Compilation album by The Spinners
- Released: 2000
- Recorded: May 1961 – May 1963
- Genre: Pop, R&B, doo-wop
- Label: Tri-Phi/Hardye TP 1001
- Producer: Harvey Fuqua

The Spinners chronology
| At Their Best (1999) | The Spinners: Their Early Years (2000) | Essential Collection (2001) |

= The Spinners: Their Early Years =

The Spinners: Their Early Years is a compilation album featuring The Spinners and other various artist that were signed to the Tri-Phi Records/Harvey Records label(s) from 1961 to 1963 (when it was sold to Motown Records). It contains the five singles (and their B-sides) that the group made while signed at Tri-Phi (which was to be compiled into an album that was cancelled due to the label closing), and a few tracks where they sang backing vocals for other acts on both labels. The album also contains songs performed by various other acts that didn't make the transition to Motown.
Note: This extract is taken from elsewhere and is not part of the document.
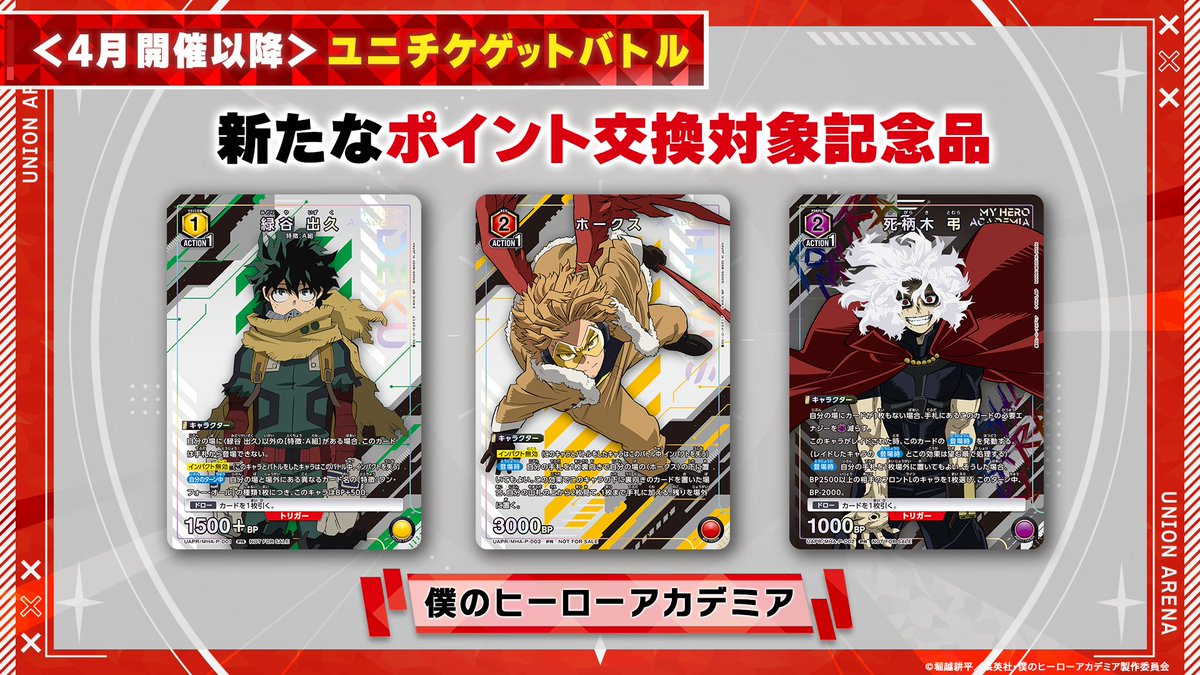 🌟ユニチケゲットバトル ポイント交換記念品公開🌟 第5弾で入手できる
While Henry Fambrough remained a member of the group during the whole period, he was not featured on their last two singles for the label, as he was serving in the U.S. Armed Services at the time the tracks were recorded (1962–1963). Edgar "Chico" Edwards would fill in while he was away; he would later permanently replace George Dixon when he left the group just prior to their signing at Motown Records. This albums contains all the leads (and recorded material) performed by Dixon, and most of the leads performed by Edwards, though, like most of their Motown material, Bobby Smith was their main lead singer.
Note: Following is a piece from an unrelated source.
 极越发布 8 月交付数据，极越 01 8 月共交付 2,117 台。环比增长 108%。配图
This album also marks the first appearance of Ann Bogan, singing here with the Challengers, who would later replace Gladys Horton in the Marvelettes and be a part of the New Birth subgroup, Love, Peace & Happiness along with Leslie and Melvin Wilson.

Professional ratings
Review scores
| Source | Rating |
| AllMusic |  |

==Track listing==

All selections produced by Harvey Fuqua.

All songs written by Harvey Fuqua and/or Gwen Gordy Fuqua*, unless otherwise noted.
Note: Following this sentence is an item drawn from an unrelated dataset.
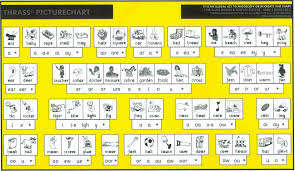 right free printable thrass chart 2019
1. "That's What Girls Are Made For" *
2. "Sud Buster" *
3. "Whistling 'bout You" (Harvey Fuqua, Mel Kanar, Marvin Gaye) – Harvey (Fuqua) & The Spinners
4. "Heebie Jeebies" (Fuqua, Bobby Smith)
5. "Love (I'm So Glad) I Found You" *
6. "Come On and Answer Me" * – Harvey & The Spinners
7. "What Did She Use" (Fuqua, Reese Palmer, Berry Gordy, Jr.)
8. "She Loves Me So" * – Harvey & The Spinners
9. "I've Been Hurt" *
10. "I Got Your Water Boiling, Baby (I'm Gonna Cook Your Goose)" *
11. "Too Young, Too Much, Too Soon" *
12. "That's How I Am Without You" (Fuqua, Geneva Harkness, William Davis) – Loe & Joe feat. The Spinners
13. "Itching for My Baby (But I'm Afraid to Scratch)" *
14. "She Don't Love Me" *
15. "It's Been A Long Long Time (A Long Time)" (Fuqua, The Five Quails) – The Five Quails
16. "Never Felt Like This Before" (The Five Quails, William Strawbridge) – The Five Quails
17. "Get To School On Time" (Fuqua, The Five Quails) – The Five Quails
18. "I Thought" – The Five Quails
19. "Over The Hump" – The Five Quails
20. "My Love" * – The Five Quails
21. "Honey, Honey, Honey" (The Challengers) – The Challengers
22. "Stay" (The Challengers) – The Challengers
23. "Everyday" (Ann Bogan) – The Challengers
24. "I Hear An Echo" (Fuqua, Bogan, Martin Coleman) – The Challengers
25. "Memories Of You" – Harvey

==Canceled album track list==
===Side one===
1. "That's What Girls Are Made For"
2. "Sud Buster"
3. "Heebie Jeebies"
4. "Love (I'm So Glad) I Found You"
5. "What Did She Use"

===Side two===
1. "I've Been Hurt"
2. "I Got Your Water Boiling, Baby (I'm Gonna Cook Your Goose)"
3. "Too Young, Too Much, Too Soon"
4. "Itching for My Baby (But I'm Afraid to Scratch)"
5. "She Don't Love Me"

==Personnel==
Instrumentation by various session artist including the Funk Brothers and Junior Walker & the All Stars

=== The Spinners personnel (tracks 1–14)===
- Bobby Smith: vocals
- George W. Dixon: vocals
- Edgar "Chico" Edwards: vocals (some tracks)
- Henry Fambrough: vocals (some tracks)
- Billy Henderson: vocals
- Pervis Jackson: vocals
- Harvey Fuqua: producer, vocals (tracks 3, 6, 8, 25)
- The Andantes (Jackie Hicks, Marlene Barrow, and Louvain Demps): background vocals (some tracks)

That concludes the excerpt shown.